Todo suporte do trajeto foi realizado pela gigante russa Rosatom do setor nuclear, responsável pela infraestrutura da rota e gestora da única frota de quebra-gelos nucleares do mundo. A viagem comprovou que a rota transártica deixou de ser uma curiosidade para tornar-se parte relevante da logística global, com potencial de beneficiar não só o comércio entre Europa e Ásia, mas também países da América Latina.
Unindo Ásia e Europa
A Rota do Mar do Norte, com 5,6 mil km, reduz entre 30% e 40% a distância entre a parte ocidental da Eurásia e a região Ásia-Pacífico em comparação com o Canal de Suez. O incidente com o navio Ever Given, que bloqueou o Canal de Suez em 2021, provocando seis dias de congestionamento, revelou a vulnerabilidade da rota. Nesse contexto, a Rota do Mar do Norte surge como corredor adicional, mais previsível e livre dos riscos geopolíticos da passagem pelo Oriente Médio e da pirataria nas águas equatoriais.
Com a rota ártica, os fluxos de carga podem ser distribuídos de forma mais equilibrada, aumentando a eficiência como um todo. Outro fator importante é que a Rota do Mar do Norte se estende inteiramente pelas fronteiras de um único país, o que a torna mais segura, sem filas de espera nem grandes riscos.
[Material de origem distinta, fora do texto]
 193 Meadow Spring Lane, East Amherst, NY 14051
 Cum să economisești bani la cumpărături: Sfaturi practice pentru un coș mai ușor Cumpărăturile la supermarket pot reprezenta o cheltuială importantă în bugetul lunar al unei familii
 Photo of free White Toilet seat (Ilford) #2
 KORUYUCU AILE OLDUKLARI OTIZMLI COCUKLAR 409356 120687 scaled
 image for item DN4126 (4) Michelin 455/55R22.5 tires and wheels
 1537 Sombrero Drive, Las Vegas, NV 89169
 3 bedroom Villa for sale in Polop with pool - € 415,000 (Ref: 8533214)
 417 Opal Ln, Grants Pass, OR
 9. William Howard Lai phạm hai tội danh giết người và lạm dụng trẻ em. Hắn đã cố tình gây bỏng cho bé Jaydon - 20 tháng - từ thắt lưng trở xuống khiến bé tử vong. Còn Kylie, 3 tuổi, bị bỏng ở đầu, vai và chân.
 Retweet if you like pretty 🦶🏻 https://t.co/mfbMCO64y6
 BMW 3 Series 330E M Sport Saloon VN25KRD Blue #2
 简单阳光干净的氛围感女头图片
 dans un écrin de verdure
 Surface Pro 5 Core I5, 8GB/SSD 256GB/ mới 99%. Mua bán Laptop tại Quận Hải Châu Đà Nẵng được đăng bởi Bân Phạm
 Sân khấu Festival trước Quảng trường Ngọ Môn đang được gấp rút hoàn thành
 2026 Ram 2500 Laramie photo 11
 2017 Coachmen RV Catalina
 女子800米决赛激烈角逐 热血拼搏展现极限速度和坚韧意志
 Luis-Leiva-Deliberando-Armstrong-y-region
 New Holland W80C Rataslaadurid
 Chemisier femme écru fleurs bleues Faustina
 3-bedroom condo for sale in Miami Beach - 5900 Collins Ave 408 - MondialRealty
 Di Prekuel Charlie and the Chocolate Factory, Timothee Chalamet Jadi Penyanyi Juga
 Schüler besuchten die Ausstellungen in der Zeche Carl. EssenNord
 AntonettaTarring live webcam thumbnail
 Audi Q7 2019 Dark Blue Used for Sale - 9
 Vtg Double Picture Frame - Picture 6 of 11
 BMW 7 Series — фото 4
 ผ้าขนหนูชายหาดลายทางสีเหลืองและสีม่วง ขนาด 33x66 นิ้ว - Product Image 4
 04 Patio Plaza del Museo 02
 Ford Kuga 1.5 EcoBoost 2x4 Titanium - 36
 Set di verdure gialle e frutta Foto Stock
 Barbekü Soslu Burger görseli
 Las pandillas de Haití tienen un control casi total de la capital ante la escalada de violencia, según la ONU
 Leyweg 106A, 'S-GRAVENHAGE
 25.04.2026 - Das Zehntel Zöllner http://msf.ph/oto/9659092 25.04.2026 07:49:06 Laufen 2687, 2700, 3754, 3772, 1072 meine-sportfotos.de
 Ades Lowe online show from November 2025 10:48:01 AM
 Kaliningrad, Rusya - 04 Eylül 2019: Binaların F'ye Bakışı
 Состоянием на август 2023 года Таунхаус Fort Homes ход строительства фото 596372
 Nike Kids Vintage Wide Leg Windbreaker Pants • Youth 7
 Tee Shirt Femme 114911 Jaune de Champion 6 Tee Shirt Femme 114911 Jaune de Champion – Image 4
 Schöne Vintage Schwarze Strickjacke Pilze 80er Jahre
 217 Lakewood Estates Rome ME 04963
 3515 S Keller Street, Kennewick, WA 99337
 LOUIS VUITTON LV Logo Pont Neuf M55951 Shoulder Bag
Exportadores sul-americanos se beneficiam, mesmo que a soja brasileira ou o cobre chileno não passem pelo Ártico. A redução no tempo de transporte de componentes asiáticos ou equipamentos europeus reduz custos de produção e de comércio na região. Também integra a região às novas cadeias logísticas e abre oportunidades para modernização de portos, infraestrutura de transporte e atração de tecnologia e investimentos. Cientistas brasileiros já participam de pesquisas no Ártico, inclusive em programas de monitoramento ambiental, preparando as bases para parcerias científicas e empresariais.
O potencial fica claro no aumento do tráfego. Em 2024, foram 37,9 milhões de toneladas transportadas na região, incluindo cargas em trânsito. A Rússia projeta ampliar esse volume com a criação de um corredor transártico integrado.
Um “corredor verde”
Não é segredo que o transporte marítimo tem forte impacto nas emissões globais. A Organização Marítima Internacional estabeleceu metas de redução até 2030 e de neutralidade em 2050, o que exige soluções reais. A rota se encaixa naturalmente nessa agenda: menos distância, menos combustível, menos emissões.
Mas o assunto não é tão simples. Atravessar o Ártico exige proteção ambiental rigorosa. Para garantir a navegação sustentável, a Rosatom vem reforçando o controle ambiental, incluindo um monitoramento ecológico permanente, conduzido há cinco anos com cooperação internacional. A iniciativa reúne especialistas de vários países, entre biólogos, ornitólogos e oceanógrafos. Os dados são públicos e mostram que, mesmo com o aumento da navegação, o estado ambiental do Ártico permaneceu estável durante todo o tempo de pesquisa.
O gelo deixou de ser uma barreira e tornou-se um desafio de engenharia. Para a América Latina, essa “revolução ártica” acelera o comércio global e aumenta o potencial de parcerias e intercâmbio. A Rota do Mar do Norte prova que crescimento econômico e responsabilidade ambiental podem caminhar juntos — uma ideia plenamente alinhada aos Objetivos de Desenvolvimento Sustentável e à agenda da COP30, que acaba de acontecer no Brasil.